(Text-to-region grounding data)
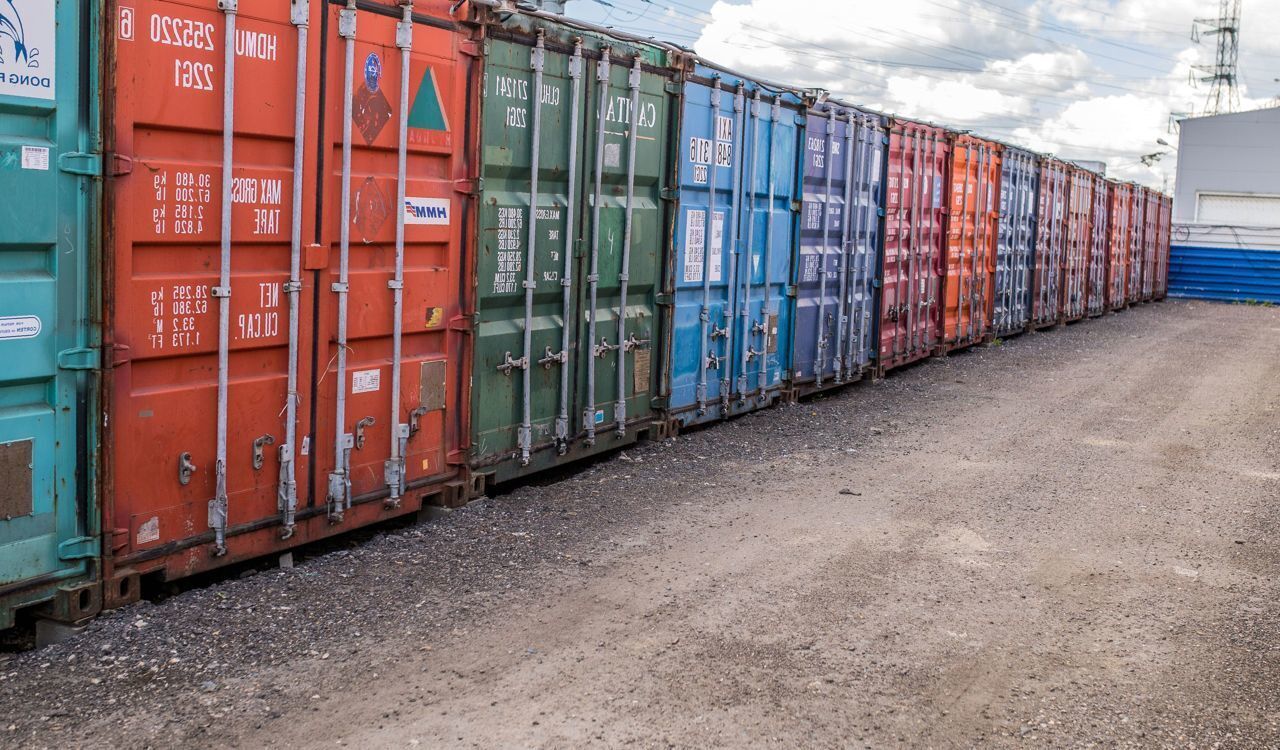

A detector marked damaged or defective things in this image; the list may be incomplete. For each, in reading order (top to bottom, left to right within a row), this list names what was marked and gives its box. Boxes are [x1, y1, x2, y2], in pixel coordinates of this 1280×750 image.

rusty container panel [99, 0, 471, 601]
rusty container panel [880, 118, 952, 371]
rusty container panel [942, 133, 998, 350]
rusty container panel [1029, 157, 1070, 327]
rusty container panel [1059, 165, 1090, 319]
rusty container panel [1080, 170, 1111, 314]
rusty container panel [1100, 180, 1131, 309]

** Directions **
Print all data above verbatim, except pictures.

** Answer box **
A detector marked damaged or defective things in this image; the list may be incomplete. For each, in reading order (top to bottom, left to right within a row), this list names what was marked and gives its box. Boxes are [x1, y1, x2, y2], in pixel coordinates of this 1280×750 image.

rusty container panel [99, 0, 471, 601]
rusty container panel [880, 118, 952, 371]
rusty container panel [942, 133, 998, 350]
rusty container panel [1029, 157, 1070, 327]
rusty container panel [1059, 165, 1090, 319]
rusty container panel [1080, 170, 1111, 314]
rusty container panel [1100, 180, 1131, 309]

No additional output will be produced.